The increasing amount of biodiesel production worldwide (e.g. from vegetable oils, palm oil, animal fats or recycled greases as feedstock) is generating a large amount of waste crude glycerol as a by-product (for every 10 kg of biodiesel, 1 kg of waste glycerol is produced) . This worldwide increase in biodiesel production led to a surplus in glycerol which subsequently leads to a decrease in the crude glycerol prices. Therefore, in order to increase the economic competitiveness of the biodiesel industry, there is an increasing interest in adding value using the glycerol waste stream as feedstock for the synthesis of bio-derived building block compounds and polymers      .
Moreover, certain algae species also accumulate large amounts of glycerol and could become another possible source due to the recent development of algae biomass as feedstock for biofuel production .
In this contribution, we study and critically analyze a number of glycerol biorefinery concepts developed earlier  and compare them in terms of techno-economic performance including minimum selling price calculation for potential high-value added products. In particular, we address the challenge of price volatility (both glycerol as feedstock and high-value added chemicals) and the associated economic risks against historical market fluctuations when assessing the economics of competing glycerol biorefinery concepts. The aim is to compare the fitness/survival of the biorefinery concepts under extreme market disturbances. To perform this analysis, we used a superstructure based sustainable design framework developed earlier    .

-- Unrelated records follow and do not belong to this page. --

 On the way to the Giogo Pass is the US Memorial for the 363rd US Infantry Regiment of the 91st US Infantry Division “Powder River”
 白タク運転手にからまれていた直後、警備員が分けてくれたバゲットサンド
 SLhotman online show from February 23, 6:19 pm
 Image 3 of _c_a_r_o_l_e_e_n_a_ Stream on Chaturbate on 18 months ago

The economic risk analysis enables the user to perform a comprehensive assessment of alternatives using a probabilistic framework which helps to design a robust and competitive glycerol biorefinery.

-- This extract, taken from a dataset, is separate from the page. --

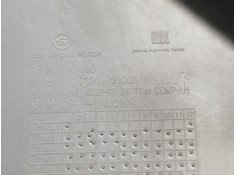 Recambio de guarnecido puerta trasera izquierda para ssangyong rodius xdi limited referencia OEM IAM K7320121000 I110474  2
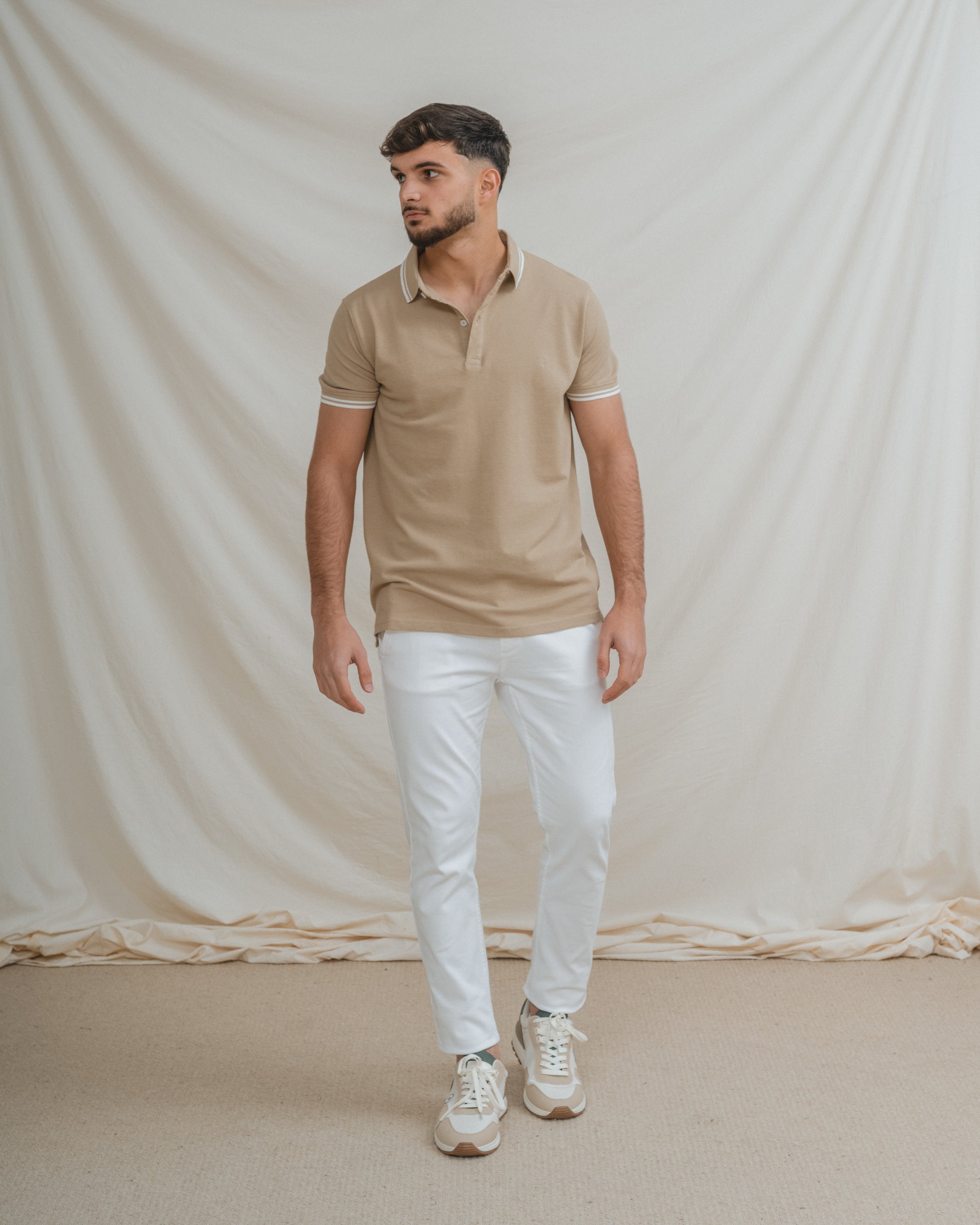 POLO BÁSICO BEIGE PIQUÉ LÍNEA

 P. Cheali, K. V. Gernaey, and G. Sin, “Towards a computer-aided synthesis and design of biorefinery networks – data collection and management using a generic modeling approach,” 2013.
 A. Dutta, A. Sahir, E. Tan, D. Humbird, L. J. Snowden-swan, P. Meyer, J. Ross, D. Sexton, R. Yap, and J. Lukas, “Process Design and Economics for the Conversion of Lignocellulosic Biomass to Hydrocarbon Fuels Fast Pyrolysis Vapors Process Design and Economics for the Conversion of Lignocellulosic Biomass to Hydrocarbon Fuels Thermochemical Research Pathways with In ,” no. March 2015.

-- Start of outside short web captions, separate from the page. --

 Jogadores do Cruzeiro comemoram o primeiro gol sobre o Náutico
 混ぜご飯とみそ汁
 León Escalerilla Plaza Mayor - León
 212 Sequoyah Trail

 NREL, “NREL - Biomass research.” [Online]. Available: http://www.nrel.gov/biomass/biorefinery.html.
 A. Drozdzynska, K. Leja, and K. Czaczyk, “Biotechnological production of 1 , 3-propanediol from crude glycerol,” J. Biotechnol. Comput. Biol. Bionanotechnol., vol. 92, no. 1, pp. 92–100, 2011.
 S. Mazumdar, J. M. Clomburg, and R. Gonzalez, “Escherichia coli strains engineered for homofermentative production of D-lactic acid from glycerol.,” Appl. Environ. Microbiol., vol. 76, no. 13, pp. 4327–36, Jul. 2010.
 M. D. Blankschien, J. M. Clomburg, and R. Gonzalez, “Metabolic engineering of Escherichia coli for the production of succinate from glycerol.,” Metab. Eng., vol. 12, no. 5, pp. 409–19, Sep. 2010.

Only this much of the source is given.